__Task data__.

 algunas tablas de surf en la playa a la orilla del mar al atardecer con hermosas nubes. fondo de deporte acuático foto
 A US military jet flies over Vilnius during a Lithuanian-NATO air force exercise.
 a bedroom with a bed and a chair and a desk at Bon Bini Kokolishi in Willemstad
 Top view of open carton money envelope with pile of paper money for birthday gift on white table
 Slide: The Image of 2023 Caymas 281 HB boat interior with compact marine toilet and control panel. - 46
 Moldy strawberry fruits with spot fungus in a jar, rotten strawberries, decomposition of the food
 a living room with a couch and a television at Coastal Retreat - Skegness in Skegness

---

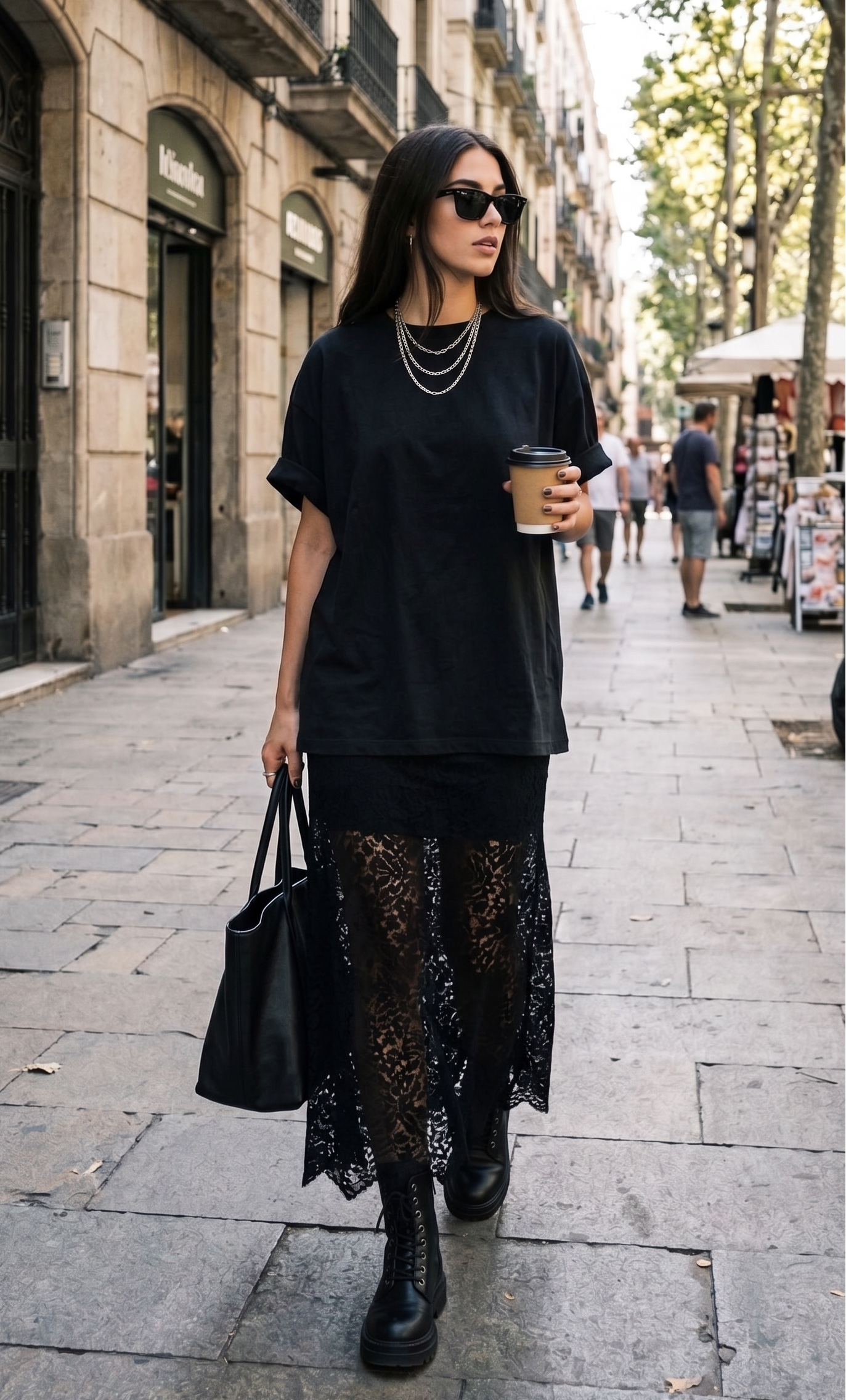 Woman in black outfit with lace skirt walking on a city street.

__Work task__.
Scan the records above for the lines holding "a bedroom with" and "a living room". Transcribe those two and every line between them word for word, and no others.

__Solution__.
 a bedroom with a bed and a chair and a desk at Bon Bini Kokolishi in Willemstad
 Top view of open carton money envelope with pile of paper money for birthday gift on white table
 Slide: The Image of 2023 Caymas 281 HB boat interior with compact marine toilet and control panel. - 46
 Moldy strawberry fruits with spot fungus in a jar, rotten strawberries, decomposition of the food
 a living room with a couch and a television at Coastal Retreat - Skegness in Skegness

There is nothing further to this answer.